## EXERCISE DATA
=======

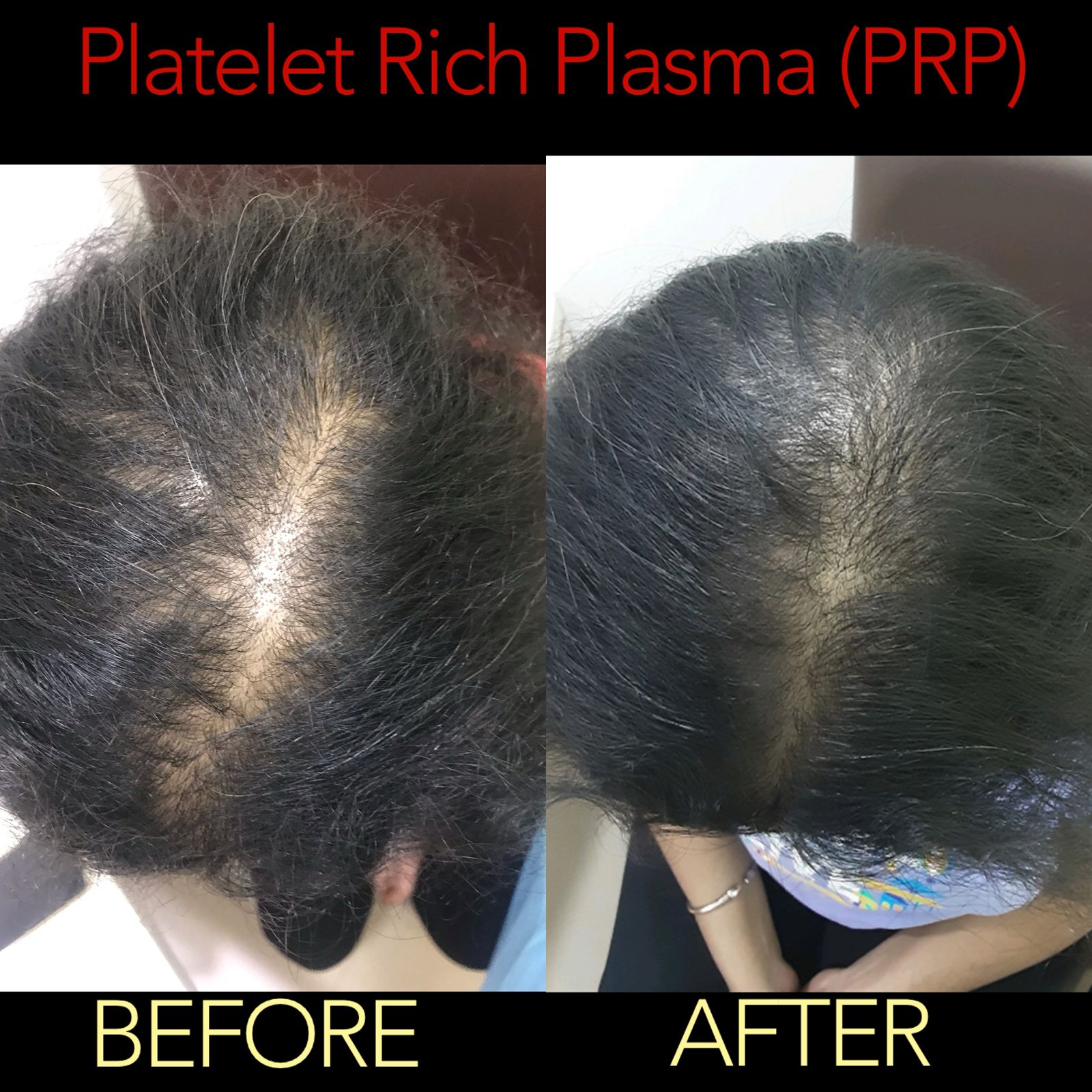 PRP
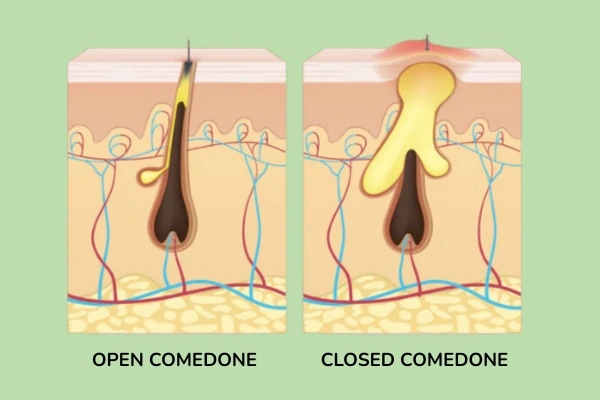Comedones - open and closed comedones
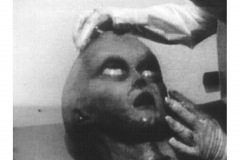 AUTOPSY1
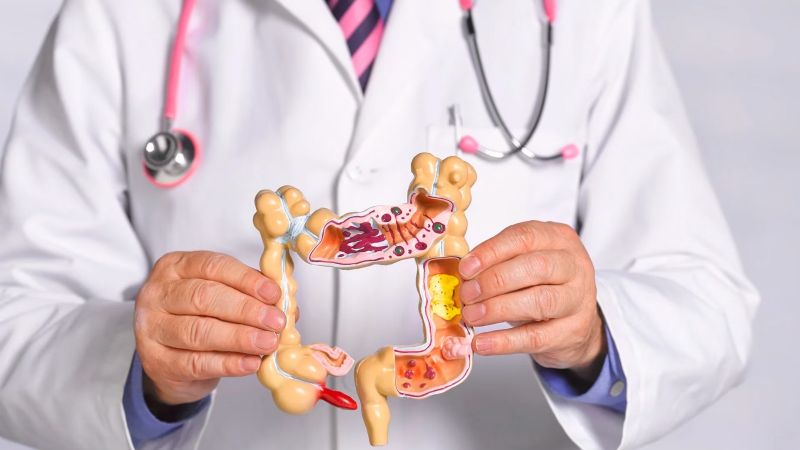Continúa la Campaña de prevención de Cáncer de Colon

=======

## GOAL OF THE EXERCISE
Your task is to output the material word for word while leaving out every image.

## RESPONSE AREA
 PRP
Comedones - open and closed comedones
 AUTOPSY1
Continúa la Campaña de prevención de Cáncer de Colon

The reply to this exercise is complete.